Credit Suisse and Tuna Bonds: Part 1 – Introduction

Last week, Credit Suisse Group AG settled a massive fraud action involving a non-existent Mozambiquan tuna boat fleet. While Texans have long had a fond place in their hearts for our convicted con man Billy Sol Estes, who defrauded the US federal government out of millions with his tales of nonexistent fertilizer tanks, faked mortgages and bogus cotton-acreage allotments; Billy Sol Estes was a piker compared to the bankers at Credit Suisse, the bank itself and the thoroughly corrupt politician running the country of Mozambique in creating and selling a loan package eventually totaling some $850 million for tuna boats that never existed. Over the next few blogs, I will be looking at the Credit Suisse enforcement action which involved the Department of Justice (DOJ), Securities and Exchange Commission (SEC) and UK Financial Conduct Authority (FCA).
US Attorney Breon Peace for the Eastern District of New York, noted, in the DOJ Press Release, “Over the course of several years, Credit Suisse, through its subsidiary in the United Kingdom, engaged in a global criminal conspiracy to defraud investors, including investors in the United States, by failing to disclose material information to investors, including millions of dollars in kickbacks to its bankers and a high risk of corruption, in connection with an $850 million fraudulent loan to a Mozambique state-owned entity.” According to Anita B. Bandy, Associate Director of the SEC’s Division of Enforcement, speaking in the SEC Press Release, “Credit Suisse provided investors with incomplete and misleading disclosures despite being uniquely positioned to understand the full extent of Mozambique’s mounting debt and serious risk of default based on its prior lending arrangements. Fraud was also a consequence of the bank’s significant lapses in internal accounting controls and repeated failure to respond to corruption risks.”
This enforcement action scorched the tattered reputation of the Swiss banking giant. Three Credit Suisse employees had previously pled guilty to receiving kickbacks as a part of the fraud. The FCA noted in its Press Release, “The contractor secretly paid significant kickbacks, estimated at over US$50 million, to members of Credit Suisse’s deal team, including two Managing Directors, in order to secure the loans at more favourable terms. While those Credit Suisse employees took steps to deliberately conceal the kickbacks, warning signs of potential corruption should have been clear to Credit Suisse’s control functions and senior committees. Time and again there was insufficient challenge within Credit Suisse, or scrutiny and inquiry in the face of important risk factors and warnings. The Republic of Mozambique has subsequently claimed that the minimum total of bribes paid in respect of the two loans is around US$137 million.”
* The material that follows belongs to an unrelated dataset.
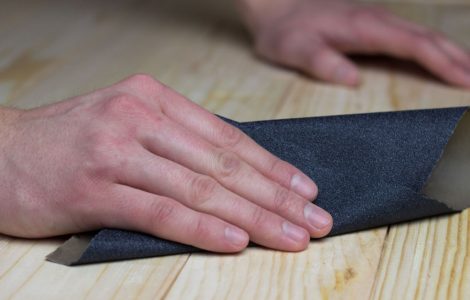 Zoom sur les mains d’un homme en train de poncer une surface en bois avec du papier abrasif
The overall settlement was for a total of $475 million paid to the DOJ, SEC and FCA and an additional forgiveness of $200 million in debt held by Credit Suisse against the country of Mozambique, which the FCA took into account in determining its financial penalty. The Bank also agreed to a methodology to calculate proximate fraud loss for victims of its criminal conduct; the amount of restitution payable to victims will be determined at a future proceeding. The DOJ Press Release also noted that “Switzerland’s Financial Market Supervisory Authority (FINMA) also engaged in an enforcement action, which includes the appointment of an independent third-party to review the implementation and effectiveness of compliance measures for business conducted in financially weak and high-risk countries, subject to FINMA’s administrative process.” This means the bank will be up for a very high-profile monitorship.
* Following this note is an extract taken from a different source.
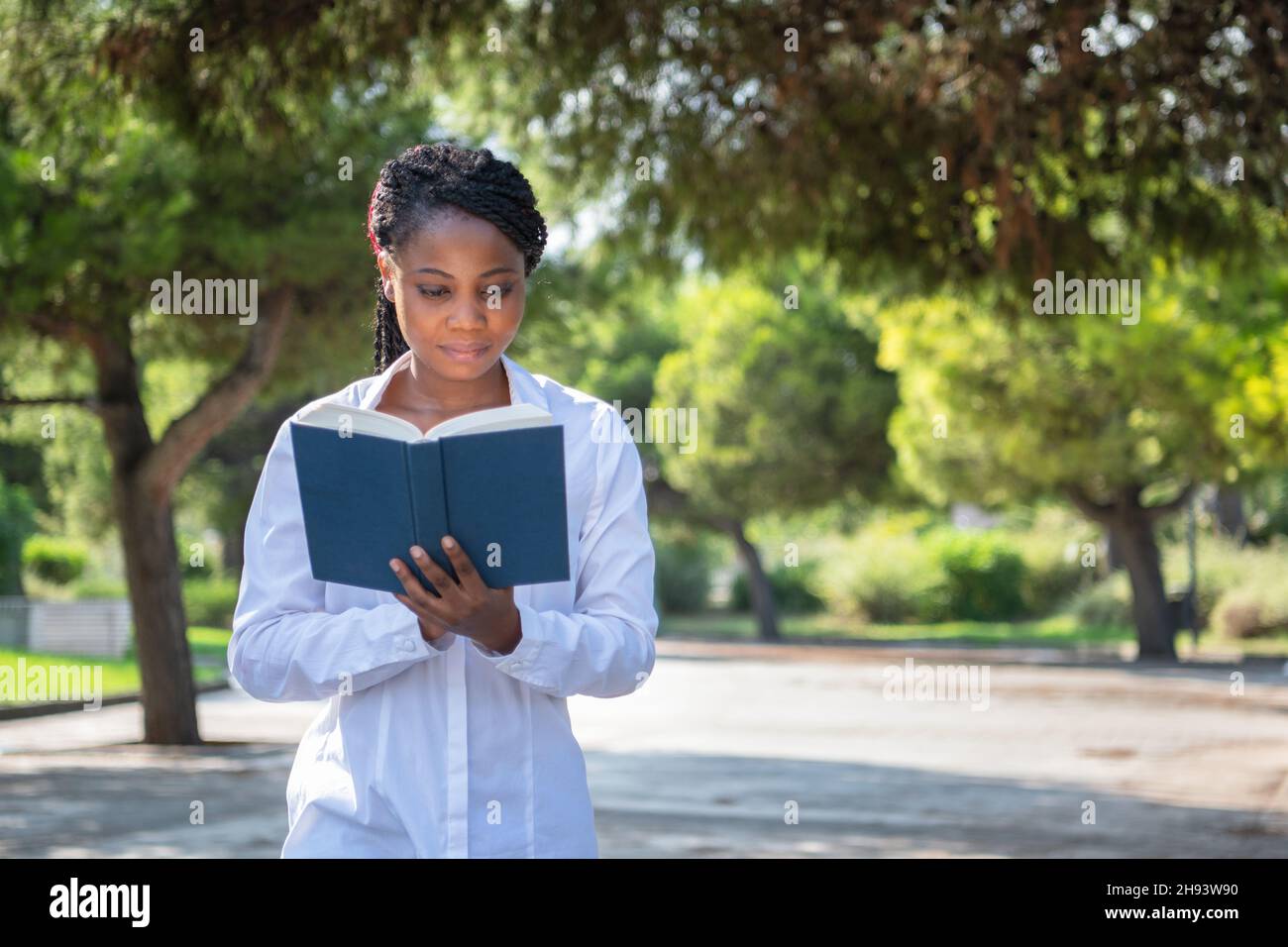 Jeune femme debout dans un parc tout en lisant un livre Banque D'Images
Relatedly, the SEC Order stated the monies paid to the SEC under its profit disgorgement penalty “will be distributed to harmed investors, if feasible through a Fair Fund. The Commission will hold funds paid pursuant to paragraph IV.B [in the Order] in an account at the United States Treasury pending a decision whether the Commission in its discretion will seek to distribute funds. If a distribution is determined feasible and the Commission makes a distribution, upon approval of the distribution final accounting by the Commission, any amounts remaining that are infeasible to return to investors.”
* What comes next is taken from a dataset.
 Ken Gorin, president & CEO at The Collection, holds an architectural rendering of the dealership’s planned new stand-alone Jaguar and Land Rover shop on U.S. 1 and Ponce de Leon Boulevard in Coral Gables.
Credit Suisse also agreed to resolve its case with the FCA, qualifying it for a 30% discount in the overall penalty. Without the debt relief and this discount, the FCA would have imposed a significantly larger financial penalty.” However, the conduct of Credit Suisse with the US enforcement agencies was certainly suboptimal. The DOJ noted that the bank failed to voluntarily disclose the conduct to the department, the overall the nature and seriousness of the offense, which included the involvement of bankers up to the Managing Director level. Moreover, “Credit Suisse received only partial credit for its cooperation with the department’s investigation because it significantly delayed producing relevant evidence. Accordingly, the total penalty reflects a 15% reduction off the bottom of the applicable U.S. Sentencing Guidelines range.”
There is a lot to unpack in this matter and I will be doing so in the next several blogs. Moreover, there is much for the compliance practitioner to digest from the case. From some of the basics like due diligence, to internal controls, the lines of defense and an overall risk management protocol, this case has quite a bit to offer. All I can say is that if Billy Sol Estes were around, he sure would be looking at Credit Suisse and its toxic culture as a way to defraud an entire new set of investors out of a pile of money.
Join us tomorrow as we look at due diligence in international deal making.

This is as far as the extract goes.